Unfortunately, certain XSL transform behaviors have changed from .NET 1.1 to .NET 2.0. As a result, existing ePublisher 9.0 and 9.1 formats may not behave as expected.
2 Formats and Override Resolution
ePublisher 9.2 introduces new ways to work with formats.
- Project Target Overrides
- Shared Transform Overrides
- Project Formats
- Standalone Stationery
- User Format Limitations
2.1 Project Target Overrides
In versions 9.0 and 9.1, ePublisher allowed users to override files, images, and transforms on a per target basis. This was implemented with a "Formats" folder in the project directory.
For 9.2, the current "Formats" folder has been renamed "Targets" to accurately reflect that these overrides are applied on a per target basis. The "Formats" folder still exists, but now applies to per format overrides. See Project Formats below.
2.3 Project Formats
As hinted above, projects may now contain a "Formats" folder. Any files in the project "Formats" folder override underlying User and Application format files. For products such as Express, this is important as Express does not support User and Application formats.
Users can even override "format.wwfmt" files at this level to introduce new stages and pipelines or modify existing ones.
2.4 Standalone Stationery
Stationery which includes a "Formats" folder becomes a self-contained snapshot of a given format and all dependant transforms, including those in the "Shared" directory.
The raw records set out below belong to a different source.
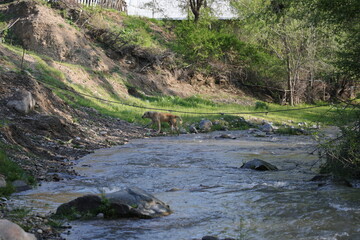 Mountain stream. There is such a beautiful landscape in Yettikechuv region of Zomin district. This is a very comfortable place to relax. Silence, gushing water, beautiful scenery of nature - everythin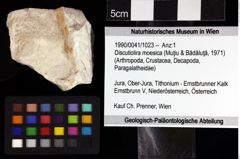 Foto (Objket + Etiketten) von Discutiolira moesica (Muţiu & Bădăluţă, 1971) 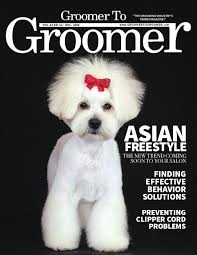 Salon de l'animal de compagnie. 210 Idees De Toilettage De Chiens Toilettage De Chiens Toilettage Chien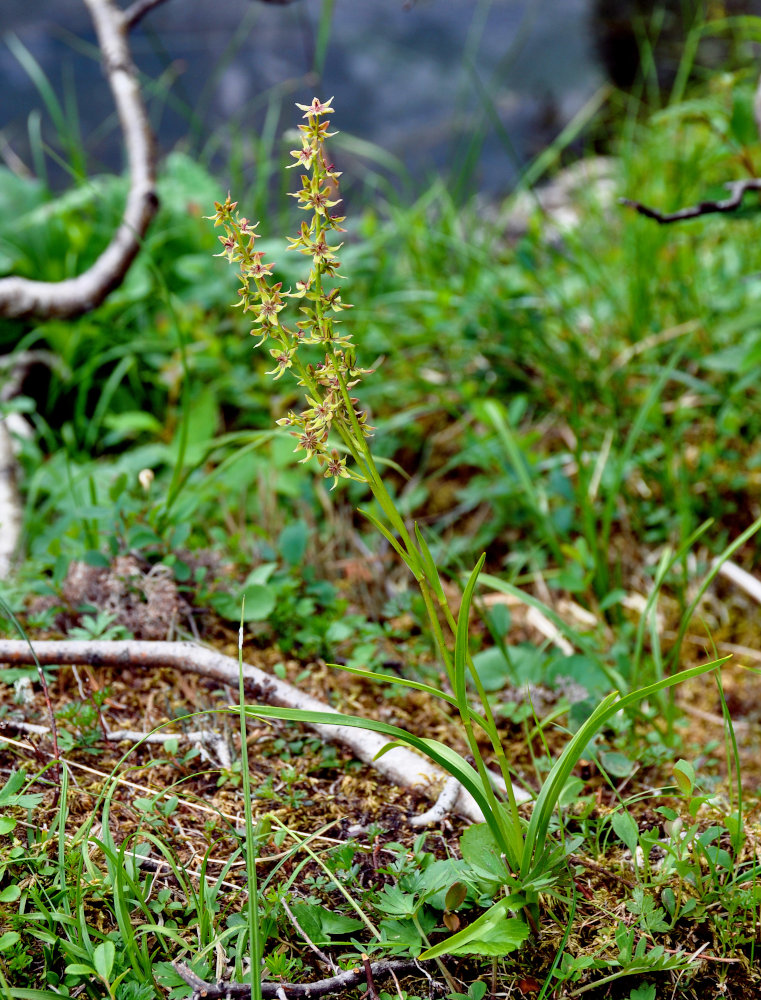 Image of Veratrum anticleoides specimen.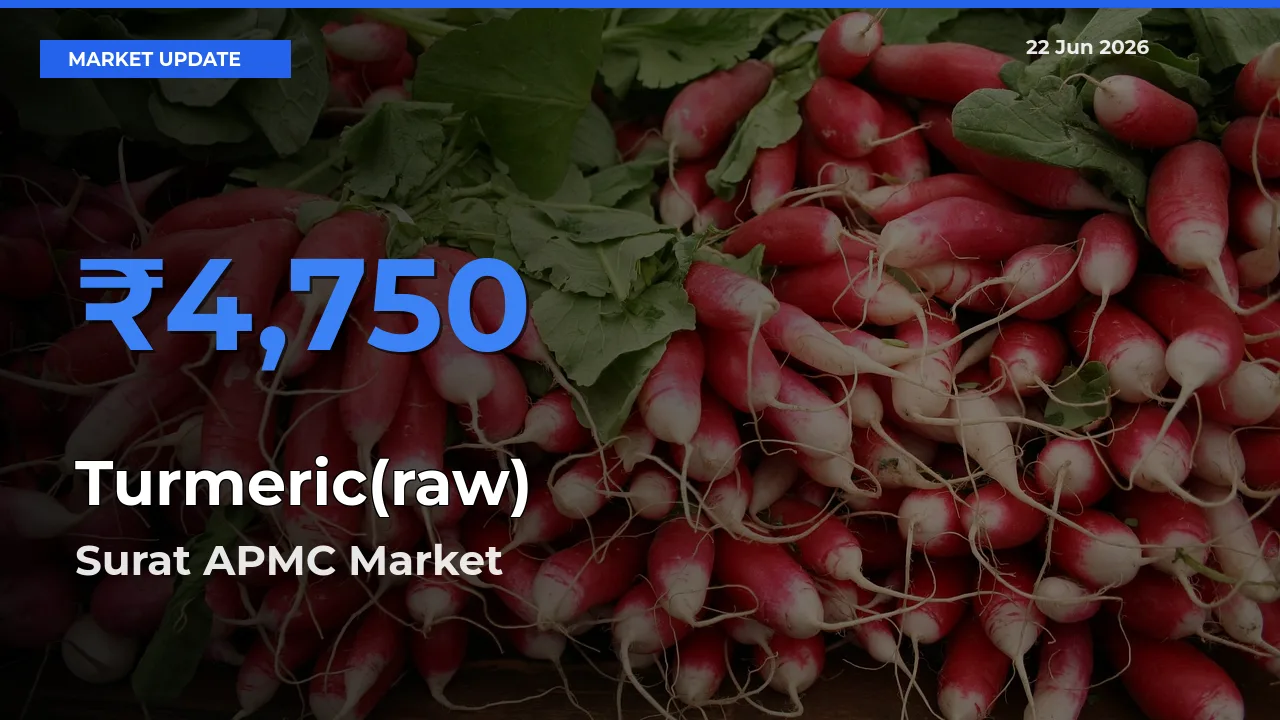 Surat APMC Leads as Top Mandi for Turmeric(raw) Prices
2.5 User Format Limitations
To avoid issues with user formats overriding application formats, user formats must have unique names. If an application format is found with a certain name, say "WebWorks Help 5.0", then any user formats with that same name will not be available in ePublisher projects.
3 XSL and .NET
As ePublisher relies on the .NET XSL transform engine, changes in .NET can alter the behavior and performance of ePublisher.
3.1 XSL Behavior Changes
3.1.1 Node Fragments
3.1.1.1 .NET 1.1
In .NET 1.1, the XSL runtime often blurred the line between XML node fragements and XML node sets. So the following code worked in .NET 1.1 XSL transforms:
<xsl:variable name="VarResult"> <html:html> <html:head> <html:title>Wow!</html:title> </html:head> <html:body> <html:h2>Wow!</html:h2> </html:body> </html:html> </xsl:variable> <xsl:variable name="VarWriteDocument" select="wwexsldoc:Document($VarResult, 'C:\test.html', 'utf-8')" />
3.1.1.2 .NET 2.0
The XSL 1.1 specification states that node fragments are distinct from node sets and XSL processors should not allow them to be used interchangably. The .NET 2.0 XSL runtime strictly enforces this policy. Therefore, XSL developers must explicitly convert node fragments to node sets via the Microsoft msxsl:node-set() method.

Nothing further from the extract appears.